■ EXERCISE BRIEF
The answer must consist only of the lines from the line with "Levisha Riwaaz Vol" to the line with "Womens Kansas City", both included, exactly as they stand below.
-------- PROVIDED MATERIAL --------
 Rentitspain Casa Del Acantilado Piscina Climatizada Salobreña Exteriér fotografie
--------
-------- PROVIDED MATERIAL --------
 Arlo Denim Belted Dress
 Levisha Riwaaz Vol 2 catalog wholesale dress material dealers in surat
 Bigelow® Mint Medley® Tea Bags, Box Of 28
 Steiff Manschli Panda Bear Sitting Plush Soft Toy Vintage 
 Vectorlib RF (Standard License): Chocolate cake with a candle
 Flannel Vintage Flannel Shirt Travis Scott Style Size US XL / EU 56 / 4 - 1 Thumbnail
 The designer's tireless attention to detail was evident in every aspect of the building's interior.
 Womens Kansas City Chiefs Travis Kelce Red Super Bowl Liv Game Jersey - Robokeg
--------
■ WRITTEN SOLUTION
 Levisha Riwaaz Vol 2 catalog wholesale dress material dealers in surat
 Bigelow® Mint Medley® Tea Bags, Box Of 28
 Steiff Manschli Panda Bear Sitting Plush Soft Toy Vintage 
 Vectorlib RF (Standard License): Chocolate cake with a candle
 Flannel Vintage Flannel Shirt Travis Scott Style Size US XL / EU 56 / 4 - 1 Thumbnail
 The designer's tireless attention to detail was evident in every aspect of the building's interior.
 Womens Kansas City Chiefs Travis Kelce Red Super Bowl Liv Game Jersey - Robokeg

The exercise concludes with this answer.